Graph Neural Networks (GNNs) are extremely effective at modelling relational data. However, current GNN models frequently assume the input graph to be undirected, overlooking the inherent directionality of many real-world graphs, such as social, transportation, transaction, and citation networks. In this blog post, we explore the impact of edge directionality in the context of heterophilic graphs and outline Dir-GNN, a novel message passing scheme for directed graphs allowing a separate aggregation of incoming and outgoing edges. Despite its simplicity, this scheme achieves significant performance improvement on multiple real-world heterophilic directed graphs.

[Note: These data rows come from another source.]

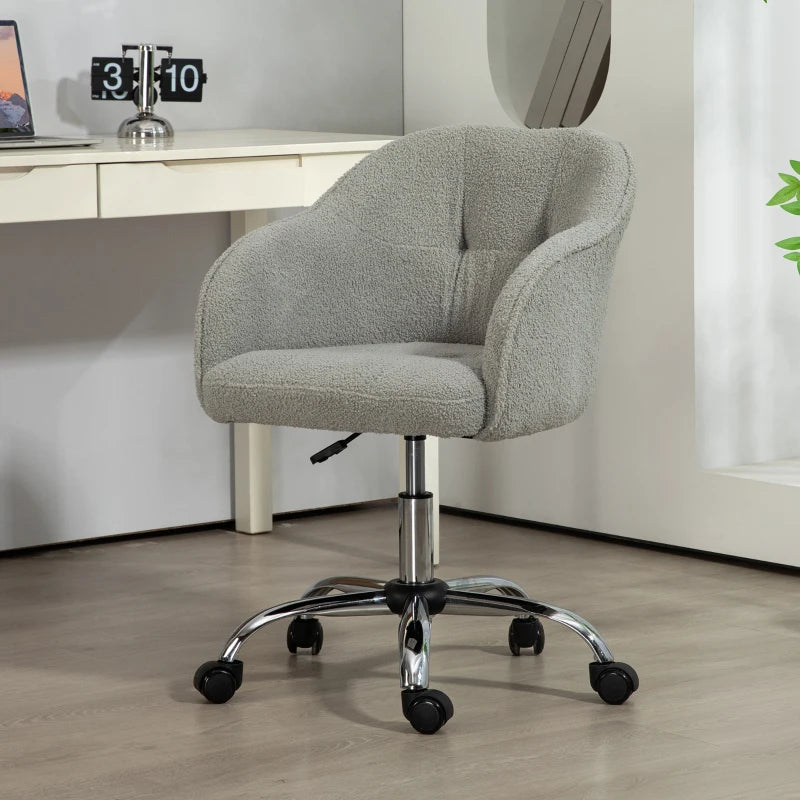 Comfortable Teddy Fleece Swivel Office Chair in Grey - Ergonomic Design for Home and Office Use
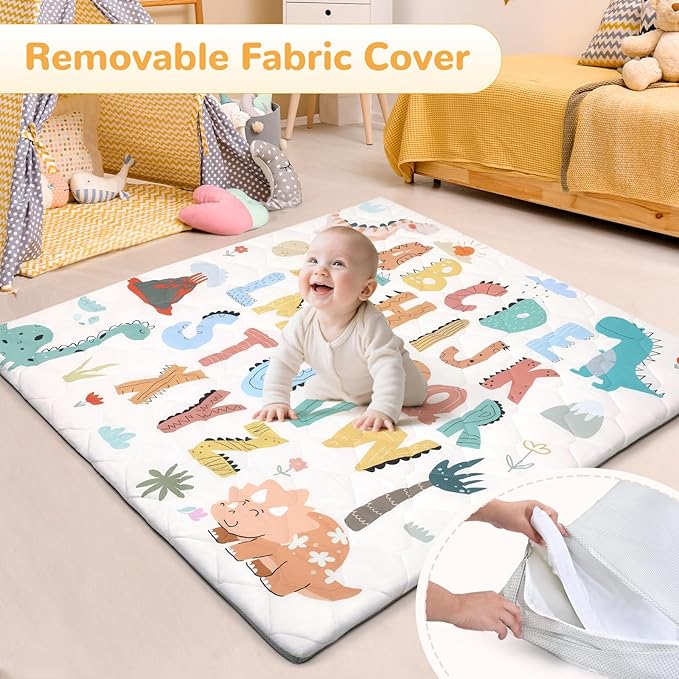Baby Play Mat Toddler Playpen Mat 50 x 50 inch, Removable-Washable Cover,Extra Thick Foam Padding,Non-Slip Crawling Cushion for Infants, Toddlers & Babies Tummy Playing Time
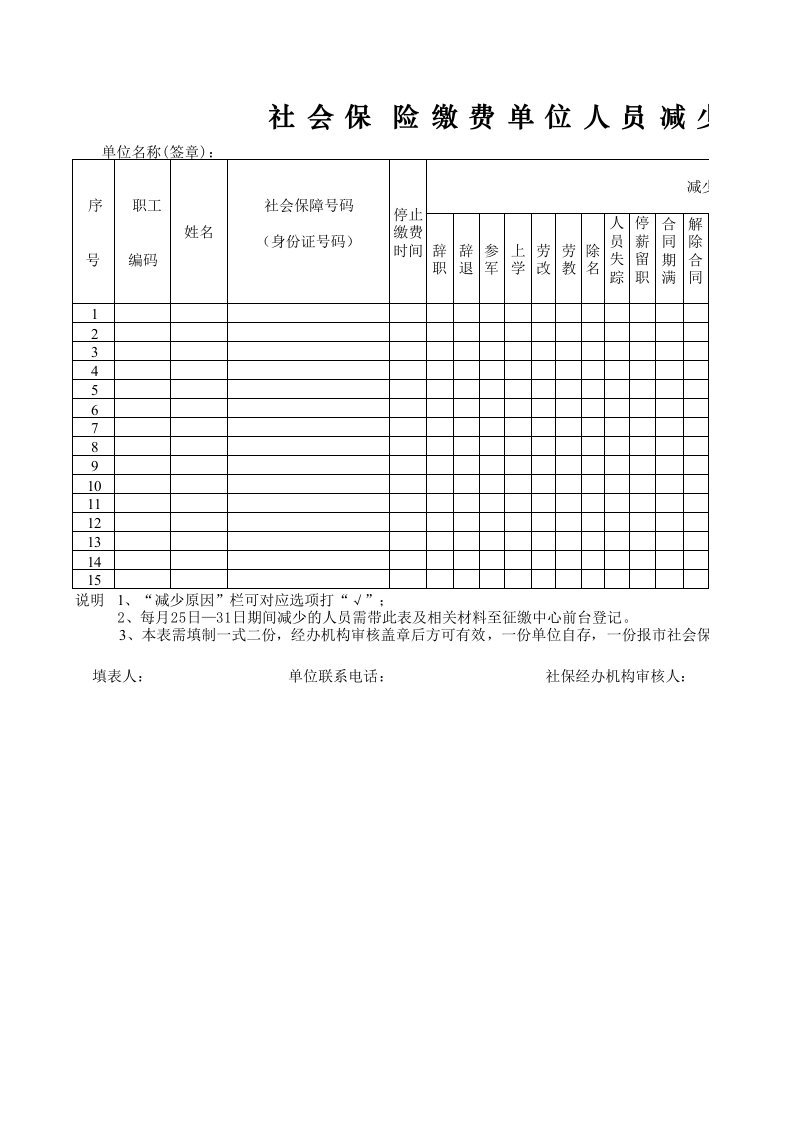 社保减少人员花名册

This post is based on the paper Edge Directionality Improves Learning on Heterophilic Graphs
Many interesting real-world graphs, encountered in modelling social, transportation, financial transactions, or academic citation networks, are directed. The direction of the edges often conveys crucial insights, otherwise lost if one considers only the connectivity pattern of the graph.
In contrast, most Graph Neural Networks (GNNs) that have made remarkable strides in a variety of graph ML applications, operate under the assumption that the input graph is undirected. Making the input graph undirected has become so prevalent over the years that PyTorch-Geometric, one of the most popular GNN libraries, includes a general utility function that automatically makes graphs undirected when loading datasets
This inclination towards undirected graphs comes, in our opinion, from two “primordial sins” of GNNs. First, undirected graphs have symmetric Laplacians with orthogonal eigenvectors offering a natural generalisation of the Fourier transform, on which early spectral GNNs relied to function properly. Second, early datasets used to benchmark GNNs were predominantly homophilic graphs
We challenge this status quo in our recent paper
The homophily of a graph is typically measured as the fraction of neighbours with the same label as the node itself, averaged across all nodes (node homophily). For directed graphs, we propose the weighted node homophily:
\[h(\mathbf{S}) = \frac{1}{|V|} \sum_{i \in V} \frac{\sum\limits_{j \in \mathcal{N}(i)} s_{ij} I[y_i = y_j]}{\sum\limits_{j \in \mathcal{N}(i)} s_{ij}}\]where \(I\) denotes the indicator function, \(n\) is the number of nodes, and \(\mathbf{S}\) is a general adjacency matrix, which can be picked up as \(\mathbf{A}\) or \(\mathbf{A}^\top\), or as higher-order matrices, such as \(\mathbf{AA}^\top\) or \(\mathbf{A}^2\) for directed graphs, or as the symmetric matrix \(\mathbf{A}_u = \frac{\mathbf{A} + \mathbf{A}^\top}{2}\) and its higher-order counterpart \(\mathbf{A}_u^2\), if the graph is considered as undirected.
Even when 1-hop neighbours are heterophilic, the situation may change when going to farther nodes. Compared to the undirected case, there are four distinct 2-hops in directed graphs represented by the matrices \(\mathbf{A}^2\), \((\mathbf{A}^\top)^2\), \(\mathbf{AA}^\top\) and \(\mathbf{A}^\top\mathbf{A}\), which can manifest different levels of (weighted) homophily.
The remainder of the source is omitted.